The Notes are governed by the Indenture, dated as of February 29, 2024 (the “Base Indenture”), between the Company and Computershare Trust Company, National Association, as trustee (the “Trustee”), as supplemented by the First Supplemental Indenture, dated as of March 7, 2024, between the Company, certain subsidiaries of the Company, as guarantors (the “Subsidiary Guarantors”) and the Trustee (the “Supplemental Indenture” and, together with the Base Indenture, the “Indenture”).
The Notes will accrue interest from March 7, 2024 and will mature on March 15, 2029. Interest on the Notes will be payable semi-annually in arrears on March 15 and September 15 of each year, beginning on September 15, 2024.
Prior to February 15, 2029 (the “par call date”), the Company may redeem the Notes at the Company’s option, in whole or in part, at any time and from time to time, at a redemption price (expressed as a percentage of principal amount and rounded to three decimal places) equal to the greater of: (1)(a) the sum of the present values of the remaining scheduled payments of principal and interest on the Notes to be redeemed discounted to the redemption date (assuming that such Notes matured on the par call date), on a semi-annual basis (assuming a 360-day year composed of twelve 30-day months) at a rate equal to the Treasury Rate (as defined in the Supplemental Indenture), plus 15 basis points, less (b) interest accrued to the date of redemption; and (2) 100% of the principal amount of the Notes to be redeemed; plus, in either case, accrued and unpaid interest on the Notes to the redemption date. On or after the par call date for the Notes, the Company may redeem the Notes in whole or in part, at any time and from time to time, at a redemption price equal to 100% of the principal amount of the Notes being redeemed, plus any accrued and unpaid interest thereon to the redemption date.

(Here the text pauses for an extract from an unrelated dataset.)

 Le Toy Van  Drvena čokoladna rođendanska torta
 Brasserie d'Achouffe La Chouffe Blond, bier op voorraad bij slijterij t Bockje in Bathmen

Upon the occurrence of a change of control repurchase event with respect to the Notes, the Company must offer to repurchase all or any part of the Notes at a price in cash equal to 101% of the aggregate principal amount of the Notes repurchased, plus any accrued and unpaid interest to, but excluding, the repurchase date.
The Indenture contains limited affirmative and negative covenants of the Company, each of which is subject to a number of limitations and exceptions in the Indenture. The negative covenants restrict the Company’s and certain of its subsidiaries’ ability to incur liens on Property (as defined in the Indenture); to engage in sale and lease-back transactions with respect to any Property; and the Company’s ability to consolidate, merge or convey, transfer or lease all or substantially all of the Company’s properties and assets.
The Notes are and will be guaranteed by each of the Company’s existing and future subsidiaries that is or becomes an obligor under the Senior Credit Facilities (as defined in the Supplemental Indenture). Atmel Corporation, Microchip Holding Corporation, Microchip Technology LLC, Silicon Storage Technology, Inc., Microsemi Corporation, and Microsemi Storage Solutions, Inc. will be the initial Subsidiary Guarantors.
The foregoing description of the Base Indenture, the Supplemental Indenture and the Notes do not purport to be complete and are qualified in their entirety by reference to the full text of the Base Indenture, which was filed as Exhibit 4.1 to the Registration Statement; and the Supplemental Indenture and the form of global note representing the Notes, which are filed as Exhibits 4.1 and 4.2, respectively, to this Form 8-K and are incorporated by reference herein.